Boeken

 over componisten

 

© Aart van der Wal, oktober 2024

 

Yves Knockaert: Wolfgang Rihm, A Chiffre. The 1980s and beyond

Leuven University Press (2017)
ISBN 9789462701236
338 blz., paperback

 


Onlangs besprak ik de monografie van Frieder Reininghaus over Wolfgang Rihm (1952-2024), waarover u hier het een en ander kunt lezen. Wat daaraan onder meer ontbrak was de muziek zelf: die kwam er nogal bekaaid vanaf. Er was wel de buitenkant ervan, en dan zich vooral concentrerend op Rihms theaterwerken, maar de binnenkant bleef ernstig onderbelicht of kwam in menig geval zelfs in het geheel niet aan bod. Maar toegegeven, de muziek van Rihm is uitermate complex en kent uit dien hoofde een onnoemelijk aantal facetten, hetgeen een afdoende beschrijving daarvan uitermate lastig zo niet onmogelijk maakt.

Hoofdbrekens
Yves Knockaerts Wolfgang Rihm, A Chiffre – The 1980s and beyond – (de titel geeft al aan dat het werk van vóór de jaren tachtig niet aan bod komt) is musicologisch zeker geslaagd. Al sluit het tegelijkertijd uit - het is in de natuur der dingen - dat meer dan slechts een aantal aspecten van Rihms componeerkunst wordt behandeld. Maar wat er wél is zal menige muziekliefhebber die in Rihms muziek is geïnteresseerd of er door wordt aangetrokken toch al de nodige hoofdbrekens kosten, want gemakkelijk toegankelijk is het zeker niet; al geldt dat meer voor de analyserende dan voor de beschrijvende hoofdstukken: deel 1 behandelt de typische stijlkenmerken (het onderscheid tussen het klassieke en het individuele, het modernisme en het postmodernisme), deel 2 de daaruit volgende analyses. Voorts het daaraan ten grondslag liggende ‘sporenonderzoek' die de lezer tevens voert naar onder meer muzikale schildering, invloed van de natuur en proportionaliteit,

Opzet
De hoofdmoot wordt echter gevormd door waar het boek zijn titel aan ontleent: Chiffre, weliswaar een bekend begrip, maar desondanks voor menigeen een onbekend fenomeen. Afgesloten wordt met de conclusies en de verdeling van de besproken composities in secties, het onvermijdelijke maar noodzakelijke notenapparaat, een geselecteerde bibliografie, de personen- en zakenindex, en een overzicht van Rihms oeuvre (tot rond 2017, het moment van publicatie). U vindt hier een volledig overzicht van alle hoofdstukken, wat over de inhoud van het boek meer dan slechts een oppervlakkige indruk geeft.

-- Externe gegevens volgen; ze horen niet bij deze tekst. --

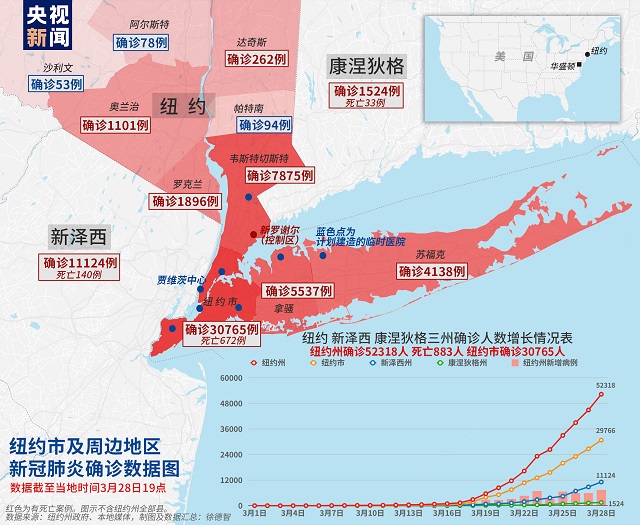 几个城市试点疫情地区了.几个城市试点疫情地区了?-第2张图片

Het boek is geschreven door een doorgewinterde en belangrijke muziekwetenschapper, die tot 2019 tevens als docent muziekgeschiedenis, muziekfilosofie en hedendaagse muziek was verbonden aan het LUCA in Leuven. Daarnaast was hij van 2006 tot 2011 directeur van het Instituut voor Onderzoek in de Kunsten van de Associatie KU Leuven. Dat zijn van die 'wapenfeiten' die al bij voorbaat de koers van een boek als dit bepalen.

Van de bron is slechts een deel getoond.